• [Dataset excerpt]

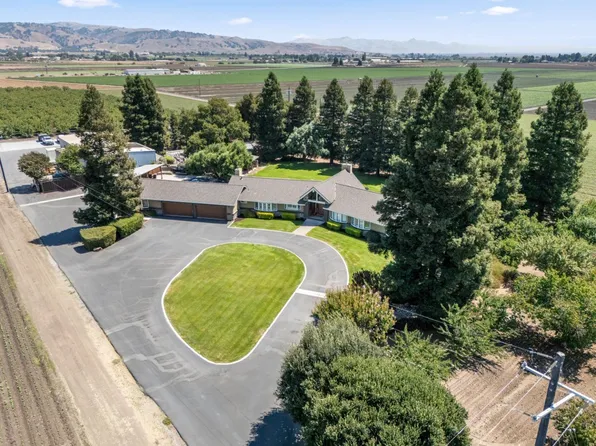 7096 Holsclaw Rd, Gilroy, CA 95020
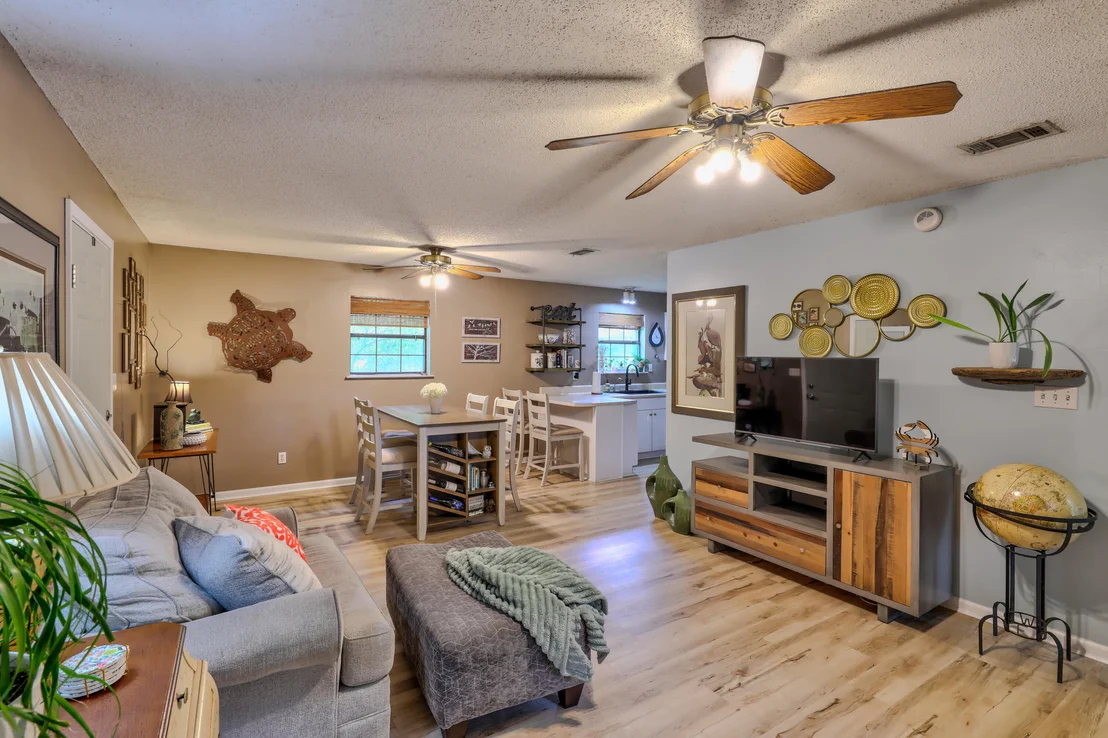 Photo of 11 W Bayou Forest Drive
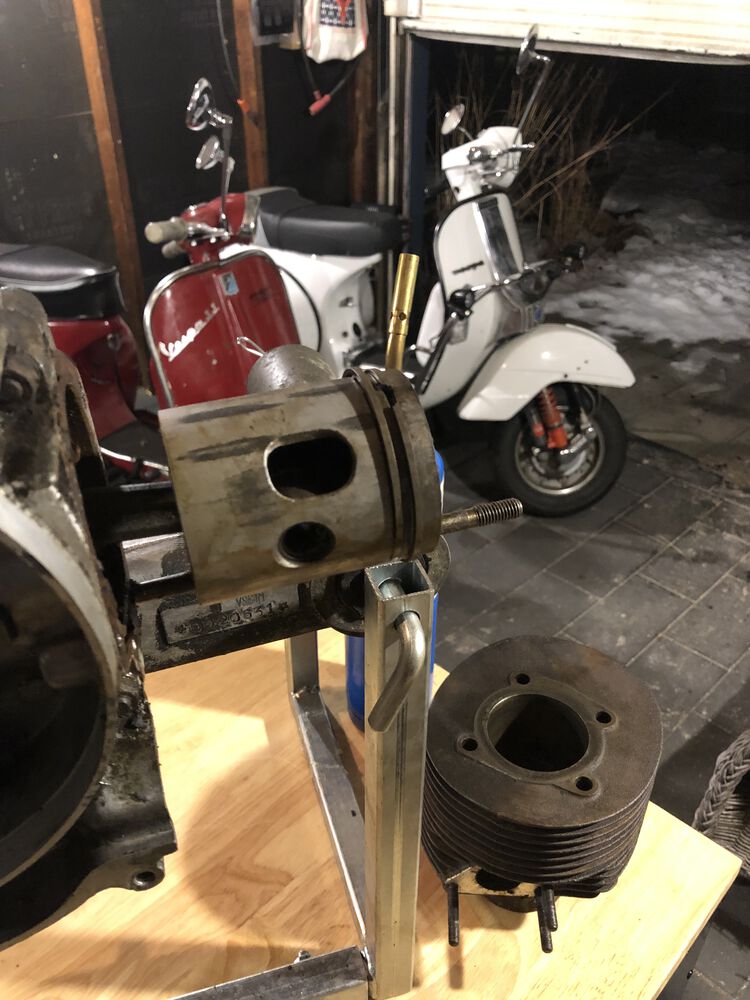 Piston other side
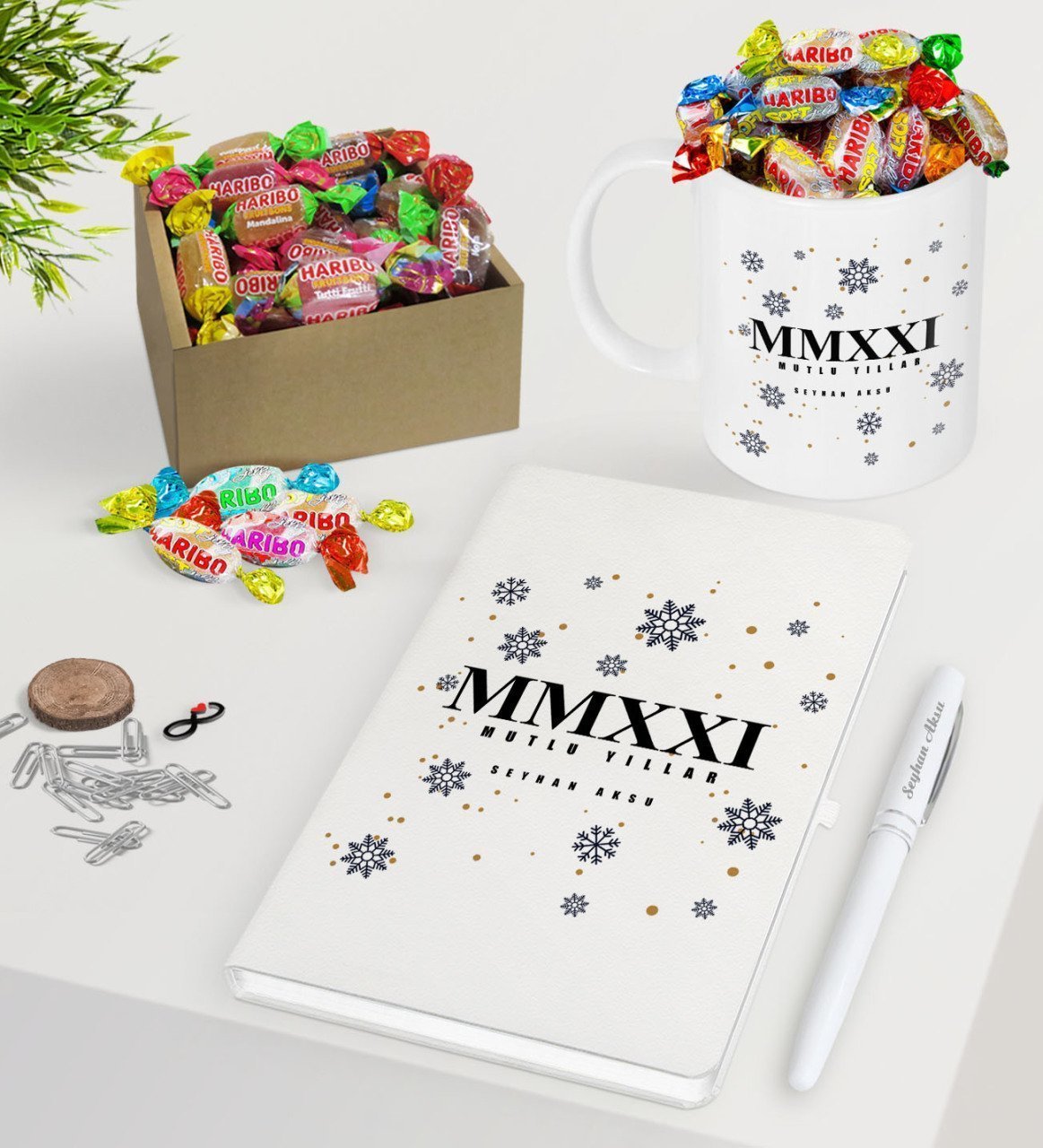 BK Gift Kişiye Özel 2023 Mutlu Yıllar Beyaz Defter Kalem Kupa ve Kutulu Haribo Şeker Hediye Seti-14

• [Task prompt] Would you give the material back exactly, minus the pictures?

• [Written reply]
 7096 Holsclaw Rd, Gilroy, CA 95020
 Photo of 11 W Bayou Forest Drive
 Piston other side
 BK Gift Kişiye Özel 2023 Mutlu Yıllar Beyaz Defter Kalem Kupa ve Kutulu Haribo Şeker Hediye Seti-14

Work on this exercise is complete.